The entity formerly known as 21st Century Fox has been re-christened Fox Corp., with the final regulatory approval expected in the coming weeks for Disney’s $71.3 billion purchase of most of the company. The remaining elements of Fox are all healthy assets: Fox News, rising sports network FS1, the Fox broadcast network and a portfolio of local TV stations that ranks No. 1 in terms of revenue among all groups, whether private or network-owned.
Jack Abernethy, the longtime CEO of the stations who stepped away from his previous additional oversight role at Fox News, offered a typically straightforward outlook for the post-merger company.
“We’ll be smaller. We will be simpler. Easier to make decisions, easier to navigate,” Abernethy said. Asked by Deadline about the pros and the cons of the Disney deal, Abernethy was reiterated a sentiment from his keynote remarks. “The con may be size,” he said, “but given what we’re trying to do, I’m not so sure it’s as big a con as people think.”
The stations were big contributor to the $5.1 billion of fiscal 2018 revenue in the company’s TV unit, which accounts for half of the overall revenue for the new Fox. Ben Swinburne, an analyst with Morgan Stanley, just issued an upbeat new look at Fox, bumping up his valuation and maintaining his “overweight” rating on its stock. “While New Fox is essentially a portfolio of U.S. linear TV networks, we see growth characteristics that are meaningfully stronger than other publicly traded TV network peers,” he wrote
Twentieth Television, which produces syndicated shows like Page Six TV and Divorce Court, in addition to selling off-net rights to several major Fox TV and film titles, is among the assets moving to Disney. But the situation for stations differs a bit from that of the broadcast network, where the shift of Fox’s TV production to Disney dramatically altered the dynamic given networks’ increasing hunger for owned (not acquired) programming. The stations will still be able to air several potent titles, including Debmar-Mercury’s The Wendy Williams Show.
Frank Cicha, senior VP of programming for Fox Stations, did not offer an update on Williams, who recently stepped away from the show for health reasons. Fox also has declined to address speculation about Billy Bush joining the network once former NBC staple Extra moves into the Fox fold.

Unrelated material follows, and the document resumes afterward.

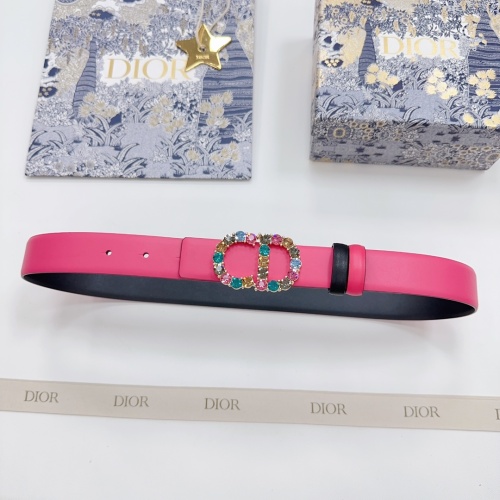 Christian Dior AAA Quality Belts For Women #1106639 $60.00 USD, Wholesale Replica Christian Dior AAA Quality Belts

Cicha took some time during Fox’s NATPE party at the Soho Beach House to speak with Deadline about the makeup of 25 Words or Less and the general outlook of programming on the stations as the corporate landscape changes.
The company operates duopolies in several major markets, including New York, LA, Chicago and Houston. There are 28 Fox stations in 17 markets, covering 38% of U.S. homes and the company has been eagerly evaluating possible acquisition targets, especially in markets that align with NFL football (an expanded presence in Fox thanks to Thursday night games).

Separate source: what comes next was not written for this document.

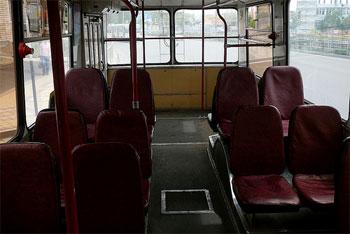Водители каунасских троллейбусов готовятся к третьей забастовке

That array of stations gives Fox “a lot of shelf space to fill,” as Cicha puts it. As with M&A on the station front, the company has made moves to upgrade its offerings, knowing that stations will be more important than ever in the new era. The group put in aggressive bids for rights to mainstays Jeopardy and Wheel of Fortune, only to lose out to ABC stations.
For 25 Words, the company once again made use of testing, a tool that other network-owned station groups are much less reliant on: testing during the summer season.
“Our motivation is to put as much new product on the air as we can at a time when there’s not a lot of new product.” … Part of the motivation with testing is to not lose money.” It is also more efficient on the cost side, he added. “Spend $1 million instead of $20 million. That’s just the way to go.”
For Vieira, who has worked significant stretches of her career at CBS News, NBC’s Today and ABC’s The View, is having her most extensive Fox experience to date on 25 Words.
She credited Stephen Brown, EVP of Development for the station group, for pursuing her after her Today exit back in 2011. A subsequent syndicated talk show foray by Vieira with NBC fizzled, but Brown stayed on the case, suggesting her for 25 Words, especially given her history at the helm of Who Wants to Be a Millionaire during its syndicated run. “It’s a group of people who I really respect,” she said of Fox and the show’s producing team, adding that the LA crew shooting the show is “spooky-good.”